(Data items)

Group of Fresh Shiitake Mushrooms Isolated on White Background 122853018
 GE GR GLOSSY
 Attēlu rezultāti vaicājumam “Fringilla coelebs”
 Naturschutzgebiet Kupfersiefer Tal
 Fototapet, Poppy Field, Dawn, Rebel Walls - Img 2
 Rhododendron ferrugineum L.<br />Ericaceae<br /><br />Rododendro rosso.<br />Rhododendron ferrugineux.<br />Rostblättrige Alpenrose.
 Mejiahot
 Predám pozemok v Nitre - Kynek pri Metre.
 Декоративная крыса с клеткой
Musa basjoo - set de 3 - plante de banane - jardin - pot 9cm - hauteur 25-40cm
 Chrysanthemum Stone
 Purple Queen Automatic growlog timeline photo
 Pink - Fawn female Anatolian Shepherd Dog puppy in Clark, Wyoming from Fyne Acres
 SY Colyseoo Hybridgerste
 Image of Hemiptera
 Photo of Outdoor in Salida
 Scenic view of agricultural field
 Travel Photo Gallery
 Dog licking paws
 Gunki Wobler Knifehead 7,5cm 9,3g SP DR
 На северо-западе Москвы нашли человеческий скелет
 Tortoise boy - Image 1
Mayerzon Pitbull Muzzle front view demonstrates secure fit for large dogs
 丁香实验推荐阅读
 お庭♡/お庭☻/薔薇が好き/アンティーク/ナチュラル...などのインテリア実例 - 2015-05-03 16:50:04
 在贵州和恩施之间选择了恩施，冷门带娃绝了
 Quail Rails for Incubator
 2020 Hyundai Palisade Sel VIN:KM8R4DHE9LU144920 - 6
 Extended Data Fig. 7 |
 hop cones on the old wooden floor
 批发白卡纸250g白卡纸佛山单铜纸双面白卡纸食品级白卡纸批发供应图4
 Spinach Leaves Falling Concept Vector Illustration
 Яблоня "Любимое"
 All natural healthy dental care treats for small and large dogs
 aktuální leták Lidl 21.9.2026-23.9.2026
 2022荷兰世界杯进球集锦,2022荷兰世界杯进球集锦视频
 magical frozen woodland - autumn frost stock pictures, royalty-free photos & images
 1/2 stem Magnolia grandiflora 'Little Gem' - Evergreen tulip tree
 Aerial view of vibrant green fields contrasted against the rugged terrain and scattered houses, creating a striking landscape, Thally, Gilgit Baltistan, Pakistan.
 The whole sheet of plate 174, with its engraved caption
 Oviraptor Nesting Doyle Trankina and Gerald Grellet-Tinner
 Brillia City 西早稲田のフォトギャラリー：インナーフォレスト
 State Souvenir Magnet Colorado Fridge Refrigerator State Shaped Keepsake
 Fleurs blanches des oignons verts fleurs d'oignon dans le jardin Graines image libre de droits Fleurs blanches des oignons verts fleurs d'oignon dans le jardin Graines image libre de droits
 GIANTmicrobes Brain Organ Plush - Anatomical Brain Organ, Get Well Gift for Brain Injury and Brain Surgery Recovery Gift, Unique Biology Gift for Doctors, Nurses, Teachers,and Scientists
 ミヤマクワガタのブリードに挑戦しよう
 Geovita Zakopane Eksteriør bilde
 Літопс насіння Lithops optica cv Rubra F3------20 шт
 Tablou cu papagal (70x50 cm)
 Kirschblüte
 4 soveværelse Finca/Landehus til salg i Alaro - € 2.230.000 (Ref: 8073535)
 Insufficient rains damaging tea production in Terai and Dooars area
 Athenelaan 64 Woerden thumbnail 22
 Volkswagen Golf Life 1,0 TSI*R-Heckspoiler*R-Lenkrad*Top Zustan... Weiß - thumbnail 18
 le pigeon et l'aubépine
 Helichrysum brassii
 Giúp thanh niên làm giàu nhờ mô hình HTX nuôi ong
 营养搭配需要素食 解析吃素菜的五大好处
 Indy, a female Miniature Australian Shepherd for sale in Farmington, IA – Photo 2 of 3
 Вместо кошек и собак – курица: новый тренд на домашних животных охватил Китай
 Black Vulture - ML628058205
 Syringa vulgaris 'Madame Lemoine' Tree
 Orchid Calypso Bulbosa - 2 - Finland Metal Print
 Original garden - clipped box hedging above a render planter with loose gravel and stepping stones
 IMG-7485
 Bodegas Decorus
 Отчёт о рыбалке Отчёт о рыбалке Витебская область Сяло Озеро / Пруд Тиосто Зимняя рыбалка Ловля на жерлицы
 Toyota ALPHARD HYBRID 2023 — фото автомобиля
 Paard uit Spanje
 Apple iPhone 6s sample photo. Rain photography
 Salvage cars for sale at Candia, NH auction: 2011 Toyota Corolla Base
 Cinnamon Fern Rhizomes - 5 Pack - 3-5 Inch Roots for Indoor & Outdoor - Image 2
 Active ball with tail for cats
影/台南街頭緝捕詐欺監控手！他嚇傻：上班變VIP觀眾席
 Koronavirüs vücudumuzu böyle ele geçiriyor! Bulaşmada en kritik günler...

HOW TO COMPLETE THIS TASK: Write out each line above that contains the word "sale".

TASK ANSWER:
 Indy, a female Miniature Australian Shepherd for sale in Farmington, IA – Photo 2 of 3
 Salvage cars for sale at Candia, NH auction: 2011 Toyota Corolla Base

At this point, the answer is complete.